January 16, 2017by AlphaAlcott

How can we expect any AI network to completely flourish within its developing stages?

January 2, 2017by kewac01

Freud died in London in Sept 1939. Although there was some attempts at calculation by steam and IBM was creating electro mechanical calculators, the electronic vacuum calculator was yet to be invented in the 40′s. The first machines were the size of football fields and probably could do less than a good hand held machine today. He, i believe was the first to suggest that there was a subconcious, albeit of the emotions and sexuality. His theories including ego, superego and id, do not touch on the way we recognize objects, with there very extensive transformations. I do not know who suggested that there might be such a thing, but there have been numerous attempts to try to develop programs that enable machines to control and recognize objects way back in the 50′s and 60′s.

In the case of objects and pattern recognition ( which I have considered to be only for 2D objects) they never hit on the math which is needed to understand this stuff. The reason why it is so hard to comprehend is that virtually all of the learning was “learned’ by evolution, over many eons of time, and is hard wired into our brains and to a lesser extent in the brains of many higher animals. My explanations are a theoretical attempt to explain how we accomplish some of these feats. You open your eyes and you see the effects,the end results, with no clues as to how it happened. I am attempting to explain it, with the end goal of creating humanoid robots, that will do ALL work, that humans now do and probably much more efficiently and faster. It will create terrible problems and could easily result in the demise of all life on earth. For it to become the potential panacea that it can be, humans MUST confront the problems that must happen as the old society is shredded to its very foundations.

A major problem is the combinatorial explosion, which will quickly overwhelm even the fastest and largest computers unless you hit on the correct form of invariance in the transformation.

Seemlessly, I believe, from the comprehension of simple objects and transformations into ever more complex transforms and then to abstractions and understanding there is build up to the development of human language and thought. With our understanding will come the ability to construct truly humanoid robots rather than toys.

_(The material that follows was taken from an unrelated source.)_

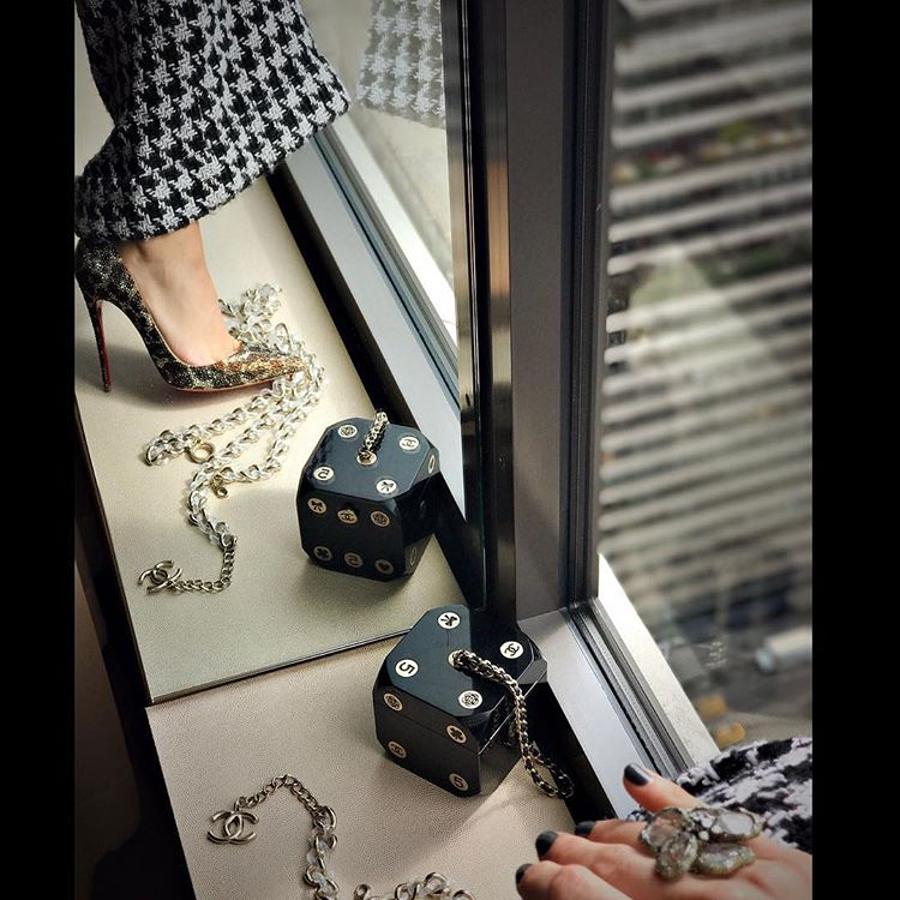 Está claro que Blake Lively sabe que los complementos marcan la diferencia, y en este caso, la actriz combinó su dos piezas de Chanel con accesorios muy especiales': el bolso dado y las cadenas de la 'maison', unos maravillosos salones de leopardo 'glitter' de Louboutin y joyas de Lorraine Schwartz.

I can still remember the beauty of Walt Disney’s Pinnochio, which my grandmother brought me to see as a treat. I was awed by Gepeto’s ability to breathe life into a piece of wood. I guess it stimulated a desire to emulate him. Probably I’ll die trying.

January 4, 2017by kewac01

I have so far not spoken about the treatment of 3D surfaces. Even in simple algebra of 2D, an expression which is moved WITHOUT change of size will have its expression algebraically change with little predictability. With size change it becomes a monstrocity. So, there is virtually no study of size change since Euclid spoke of similarity that I know about. Since our main coordinate systems are located in each eye in our head, which moves around every time we move , it becomes virtually impossible to recognize objects by machine, since you will have combinatorial explosions all over the place if trial and error is used. Once you have size invariance under movement transformations the problems are drastically simplified as they are now for lines in 2D and 3D.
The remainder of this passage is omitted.